◆ **Task input**:

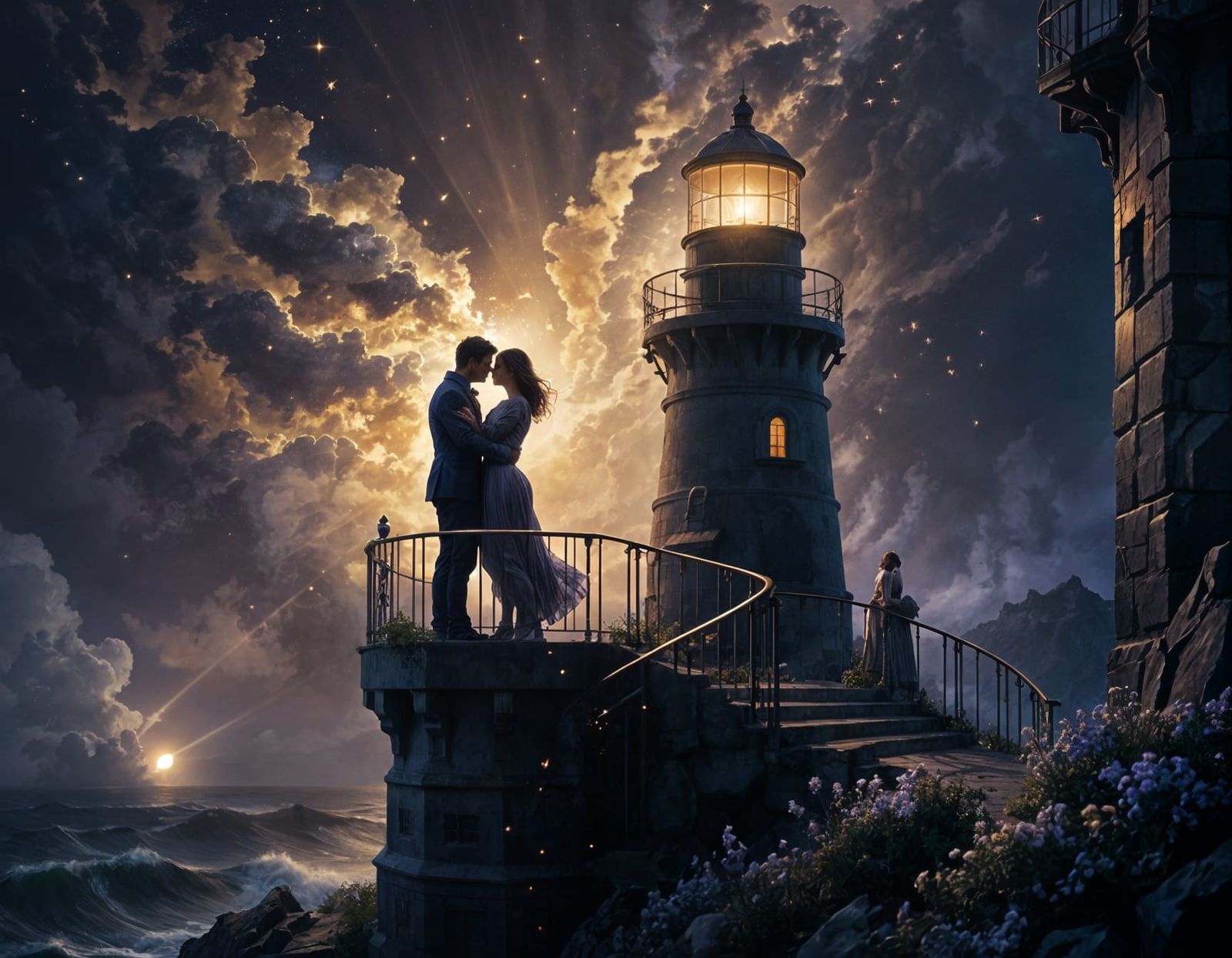 Celestial Lighthouse Romance in Dramatic Realism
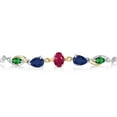thumbnail image 2 of Gem Stone King 925 Silver and 10K Yellow Gold Red Ruby Blue Sapphire Green Nano Emerald and Lab Grown Diamond Tennis Bracelet for Women By Keren Hanan (2.04 cttw, Adjustable up To 9 inch), 2 of 3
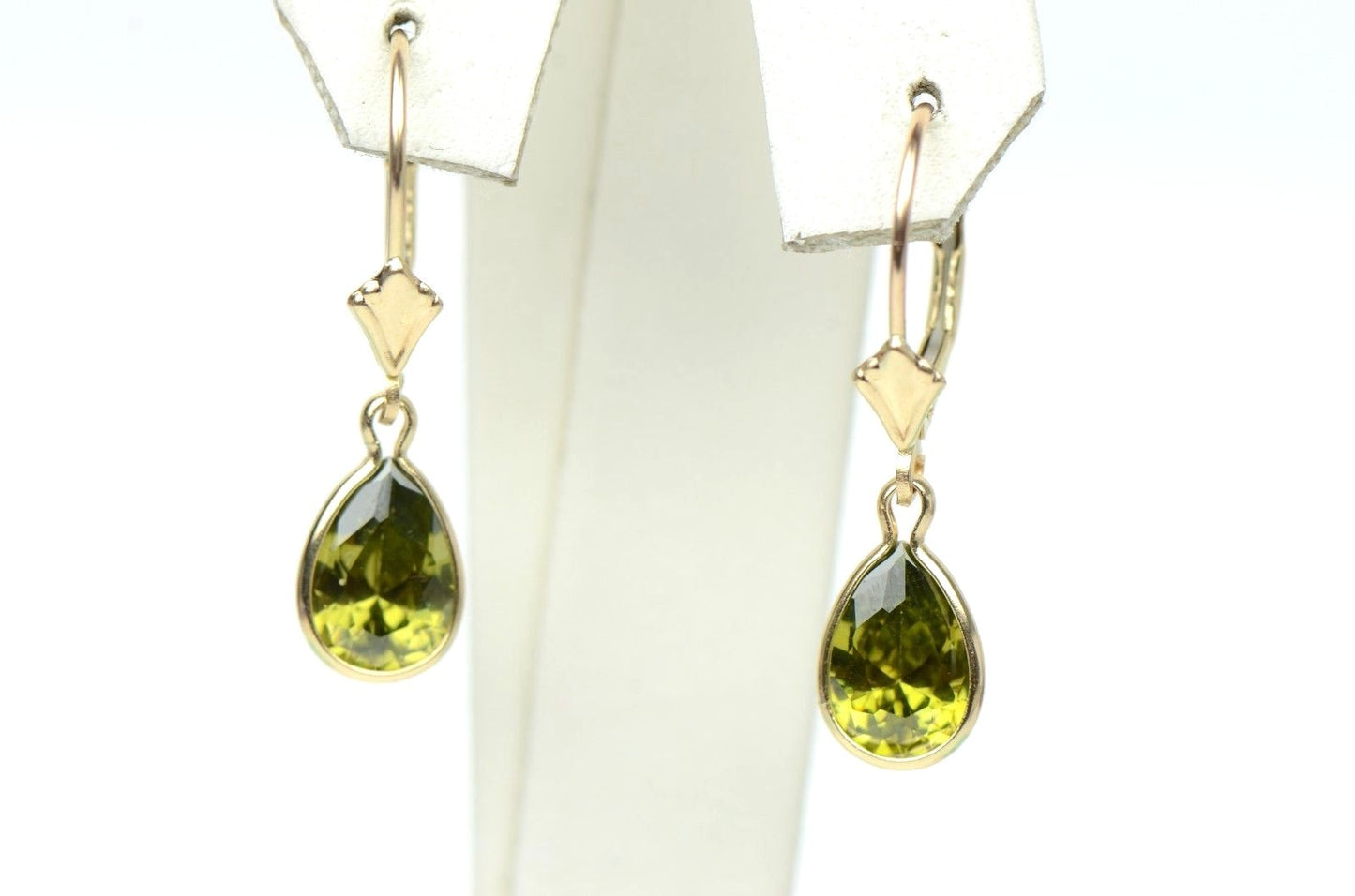 14KYellow Gold Leverback;Birthstone Tear Drop shape Dangle Earrings High Quality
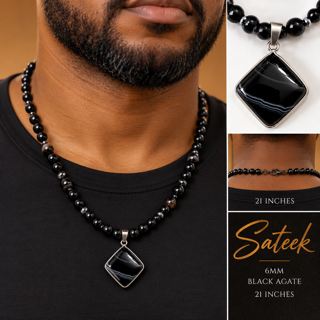 Gentleman wearing Smoke Stone 6mm black agate men's necklace with square gemstone pendant.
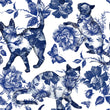 Load image into Gallery viewer, Blue cat and flower toile fabric peel and stick wallpaper sample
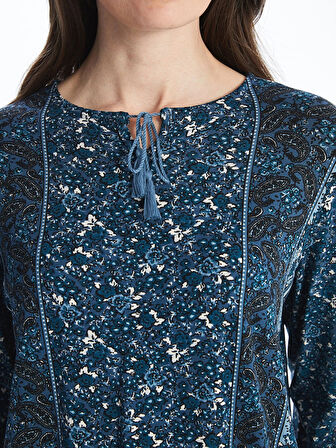 LCW Grace Lacivert Bağlamalı Yaka Desenli Kadın Bluz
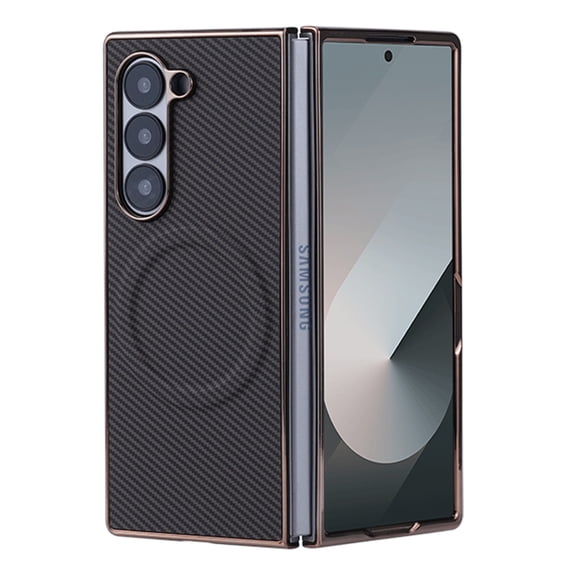 for Samsung Galaxy Z Fold 6 Case, Compatible with Magsafe, Carbon Fiber Texture Design, Built-in Microfiber Lining, Shockproof Lightweight Slim Phone Case for Samsung Galaxy Z Fold 6 - Titaniumgold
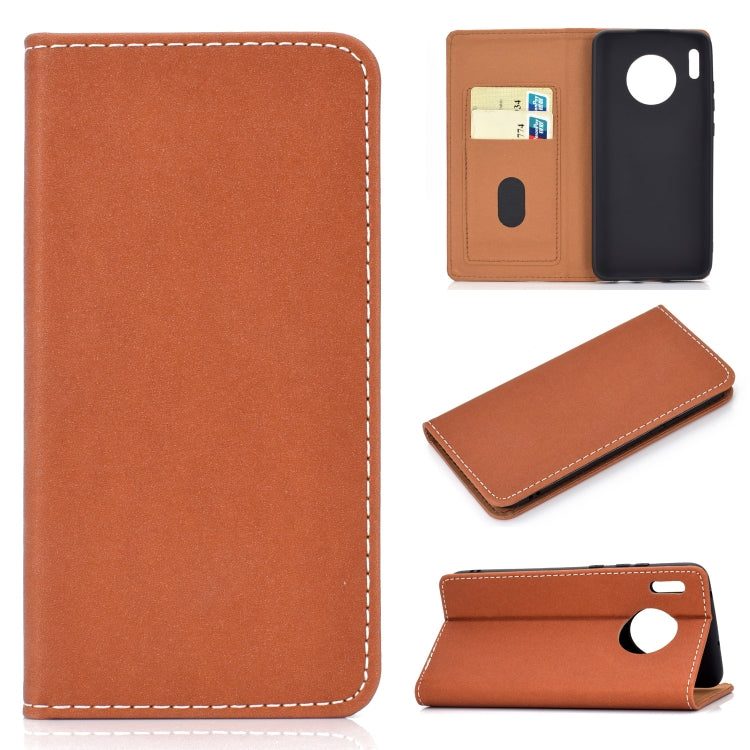 For Huawei Mate 30 Solid Color Magnetic Horizontal Flip Leather Case with Card Slot & Holder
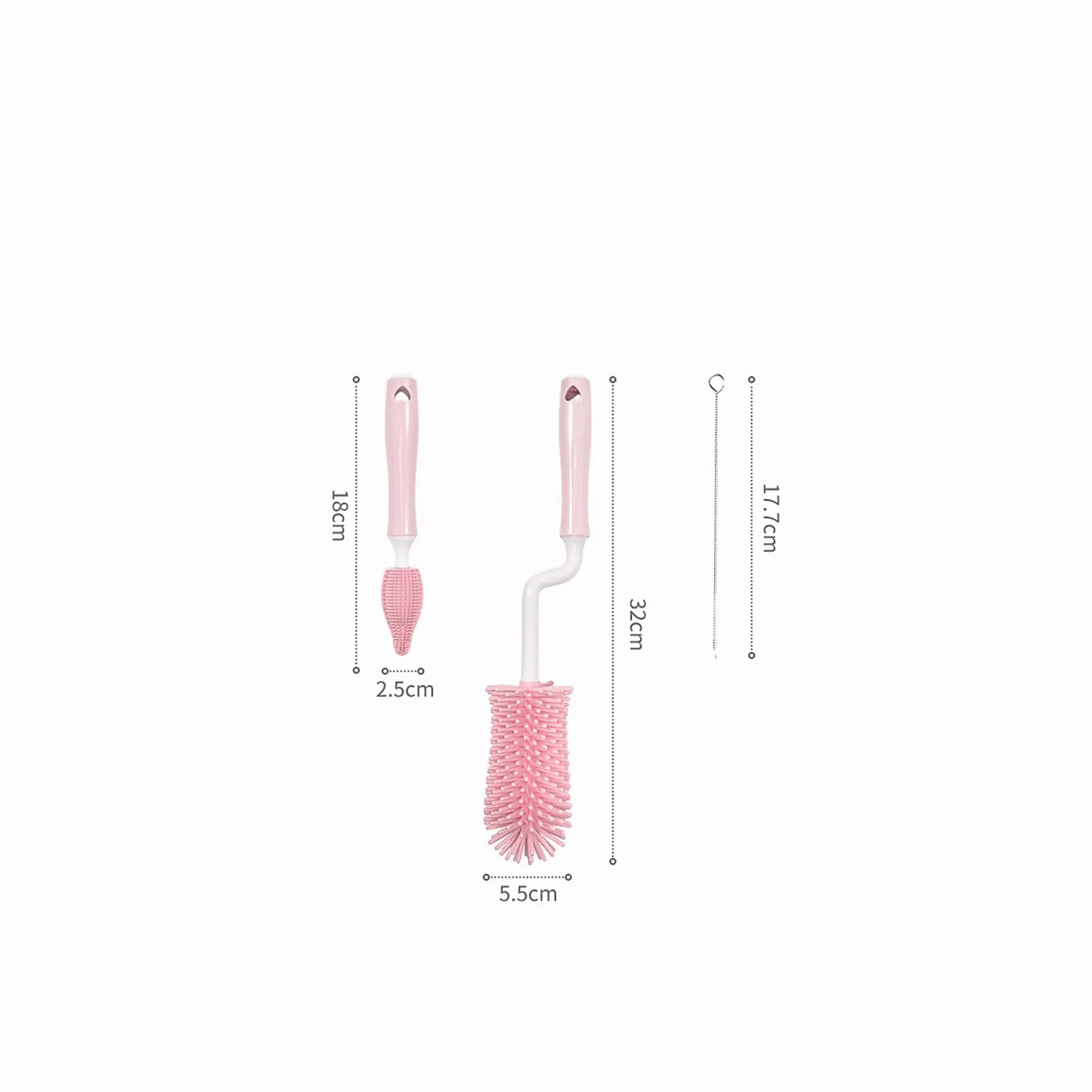 Silicone baby bottle brush and straw cleaner set in pink, blue, or yellow colours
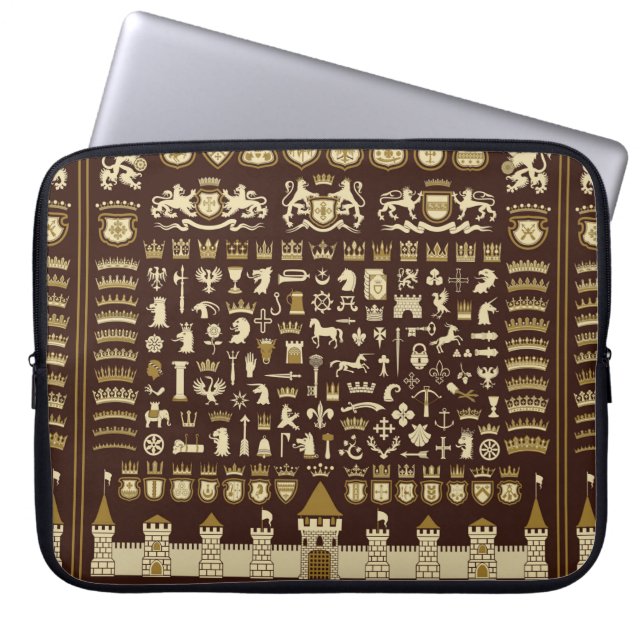 Capa Para Notebook Grande conjunto de elementos heráldicos.  (Frente)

◆ **Exercise objective**:
Quote the preceding records in their entirety, excluding every picture.

◆ **Answer below**:
 Celestial Lighthouse Romance in Dramatic Realism
thumbnail image 2 of Gem Stone King 925 Silver and 10K Yellow Gold Red Ruby Blue Sapphire Green Nano Emerald and Lab Grown Diamond Tennis Bracelet for Women By Keren Hanan (2.04 cttw, Adjustable up To 9 inch), 2 of 3
 14KYellow Gold Leverback;Birthstone Tear Drop shape Dangle Earrings High Quality
 Gentleman wearing Smoke Stone 6mm black agate men's necklace with square gemstone pendant.
 Load image into Gallery viewer, Blue cat and flower toile fabric peel and stick wallpaper sample
 LCW Grace Lacivert Bağlamalı Yaka Desenli Kadın Bluz
 for Samsung Galaxy Z Fold 6 Case, Compatible with Magsafe, Carbon Fiber Texture Design, Built-in Microfiber Lining, Shockproof Lightweight Slim Phone Case for Samsung Galaxy Z Fold 6 - Titaniumgold
 For Huawei Mate 30 Solid Color Magnetic Horizontal Flip Leather Case with Card Slot & Holder
 Silicone baby bottle brush and straw cleaner set in pink, blue, or yellow colours
 Capa Para Notebook Grande conjunto de elementos heráldicos.  (Frente)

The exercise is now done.